For those with a hearty appetite, one of the best things about New York is the food. The city is a mecca of multiculturalism, and nowhere is this more evident than in its culinary offerings. Some of the highlights for me were the poppy seed ‘Pick your Bagel’ with lox and house made cream cheese, thin crust pizza from Lombardi’s, and chicken eggplant rollotini with penne and fresh tomato sauce from 44SW Italian Eatery. The mussels and frites from Brasserie La Hasse were also amazing!

No trip to NYC would be complete without taking in at least one show on Broadway, and we were lucky enough to see two in our short four-day trip. The first was Rock of Ages. My husband and I actually went on a date to see the movie when it was released a few years back, so we were already familiar with the story and new it would be right up our alley. Also, it’s one of the few shows that plays on Sunday evenings and we lucked out getting half-price tickets from TKTS on the Square the day of the show. Wahoo! The plot strayed from the movie version a little, at the same time offering even more electrically charged raunchiness and hilarity. It also included a couple of unexpected songs in the second act that weren’t in the movie. All in all, Rock of Ages is a great show and tons of fun to take in.

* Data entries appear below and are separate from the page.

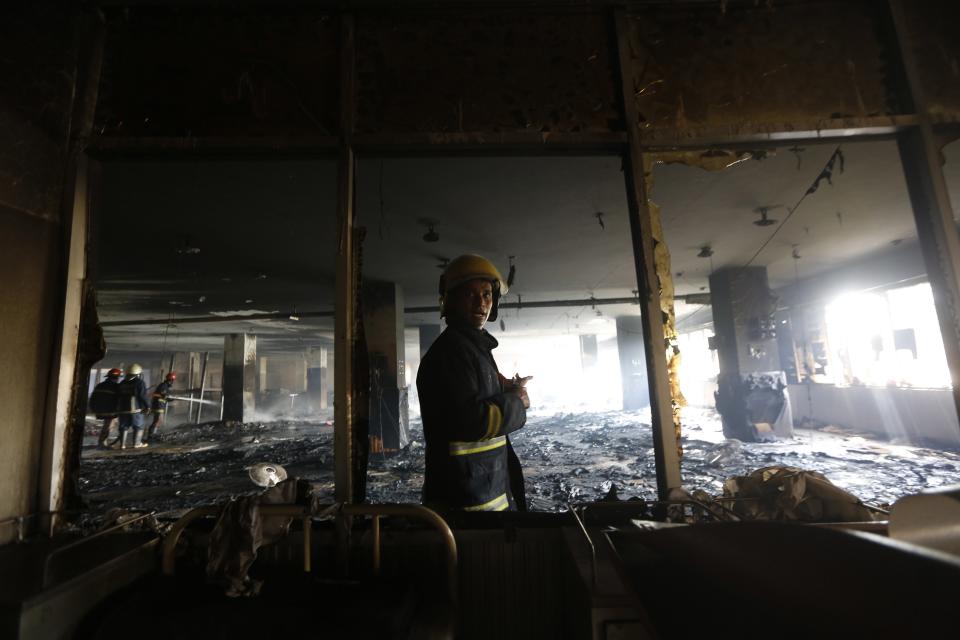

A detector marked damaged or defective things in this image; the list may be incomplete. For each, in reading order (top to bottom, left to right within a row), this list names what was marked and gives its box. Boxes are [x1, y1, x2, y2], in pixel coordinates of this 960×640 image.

charred ceiling panel [0, 5, 76, 220]
charred ceiling panel [96, 9, 338, 138]
charred ceiling panel [356, 12, 620, 134]
charred ceiling panel [628, 0, 896, 136]
charred ceiling panel [900, 0, 960, 120]
burnt wooden frame [73, 1, 960, 510]
burnt debris on floor [80, 404, 960, 520] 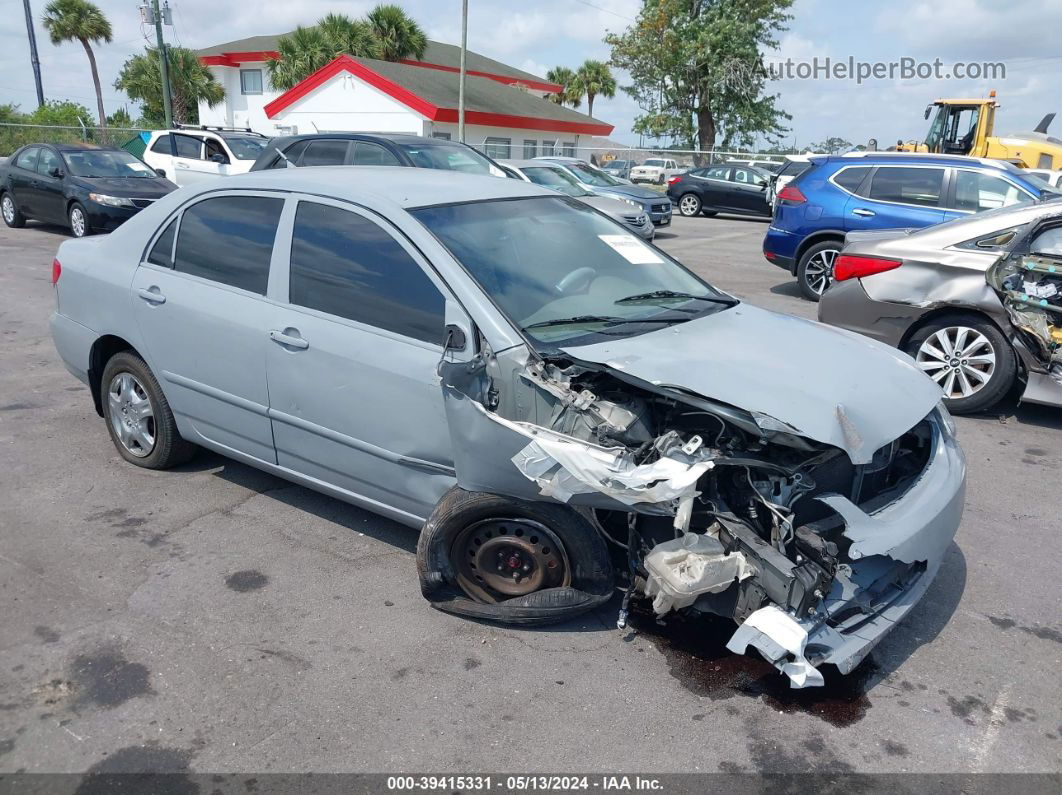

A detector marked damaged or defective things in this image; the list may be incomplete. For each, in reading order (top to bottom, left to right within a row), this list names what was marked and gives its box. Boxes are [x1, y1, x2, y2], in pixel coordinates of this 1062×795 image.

detached tire [804, 239, 844, 302]
detached tire [101, 352, 196, 470]
damaged gray sedan [50, 169, 968, 692]
damaged silver car [50, 169, 968, 692]
detached tire [418, 488, 616, 624]
crumpled front end [436, 330, 968, 684]
bent hood [560, 306, 944, 466]
detached tire [900, 312, 1020, 414]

Based on the recommendation of nearly everyone we talked to, the second show we saw was Kinky Boots. Let me just say this was the greatest show I’ve ever seen, bar none. Lola is the drag queen and central character of the story about a struggling mens’ shoe factory in England at the turn of the century. Played by Billy Porter, this performance earned him a Tony in 2013 and it’s not hard to see why, it was spot-on. With a score by Cindy Lauper, phenomenal supporting cast, and wonderful message of accepting others and being yourself, Kinky Boots was awesome!

Seeing the amazing Jimmy Fallon during the second week of his new Tonight Show format was another major highlight. I’ve always regarded Fallon as extremely talented, and getting to see his live show only served to reinforce my belief. While we were in the neighbourhood for the live taping of the show, I made my husband’s year by asking if we could go skating at Rockefeller Center. (He’s a good, hockey-loving Canadian boy, and we had never been skating together in the nearly 20 years we’ve been a couple.) Aside from the steep price tag for our two admission tickets and skate rental fees, I’m glad we had this once-in-a-lifetime experience. I had a blast, and dare I say may have even redeemed myself as an adequate skater —both in my husband’s eyes and as a good Canadian girl.

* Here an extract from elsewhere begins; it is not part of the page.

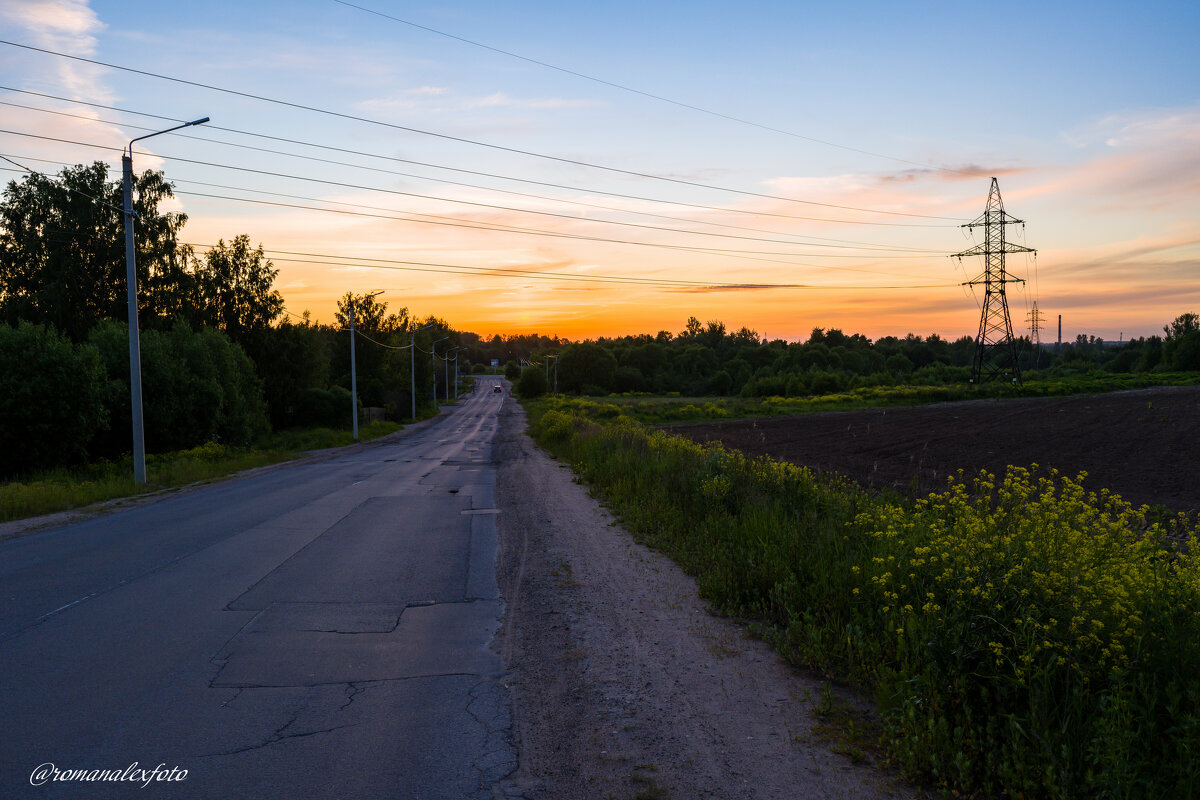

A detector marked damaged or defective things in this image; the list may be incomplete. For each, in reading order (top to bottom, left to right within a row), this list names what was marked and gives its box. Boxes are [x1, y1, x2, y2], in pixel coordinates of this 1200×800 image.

cracked asphalt road [0, 376, 510, 800] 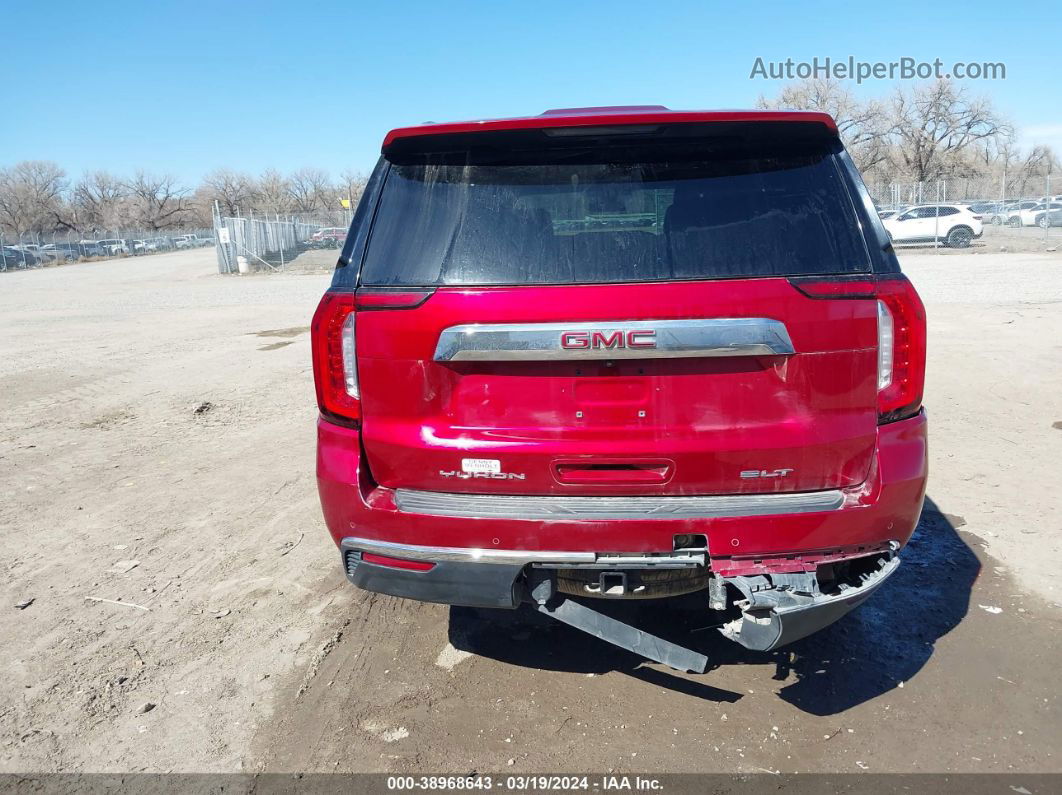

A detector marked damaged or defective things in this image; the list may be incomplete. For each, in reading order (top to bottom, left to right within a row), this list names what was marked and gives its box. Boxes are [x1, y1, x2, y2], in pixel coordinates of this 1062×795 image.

damaged rear bumper [720, 548, 900, 652]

I find the history and architecture of NYC absolutely fascinating. I could literally walk around for days just gawking at buildings—admiring the architectural details, and sheer magnificence of it all. I particularly fell in love with SoHo’s quaint buildings and adorable cobblestone streets. The charm had me caught up in a daydream, losing myself in a fantasy of becoming a writer and spending countless days in coffee shops.

By far, the greatest gift of our trip to NYC is the indescribable feeling of change it sparked in me. We stayed in an adorable boutique hotel, The Muse, and the city itself is beyond amusing. I may even go as far as to say New York has been a muse for me. Irrefutably, it stirred something in me. The tiniest spark seems to have ignited a little fire in my belly, and I have the sensation of a dormant dream being awakened.

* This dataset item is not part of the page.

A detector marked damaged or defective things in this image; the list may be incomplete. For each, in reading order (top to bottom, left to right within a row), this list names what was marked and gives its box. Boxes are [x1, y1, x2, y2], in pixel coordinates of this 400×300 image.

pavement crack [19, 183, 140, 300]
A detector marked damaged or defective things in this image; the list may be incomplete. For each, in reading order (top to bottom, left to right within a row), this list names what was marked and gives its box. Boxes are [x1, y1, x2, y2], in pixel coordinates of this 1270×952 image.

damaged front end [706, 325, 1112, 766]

Maybe it’s the symbolism as a place where dreams are born and made. Or maybe it’s the people—so many of whom have had to overcome all kinds of adversity, and others who continue fight every single day for the chance to do what they love. I’ve noticed I now have a slightly different view of life and many new ideas are starting to bubble up to the surface. Is this what they call inspiration? Maybe.

Whatever you call it, I feel as though the stories of my heart, which have been locked away deep down inside for so long I’d almost forgotten were there, are now trying to break free. And so I’d like to thank you, New York City, from the bottom of my heart, for loosening the shackles and helping me see a whole new world of possibility. I am forever grateful we had the chance to meet once again, and I sincerely hope to return to you before another 10 years pass.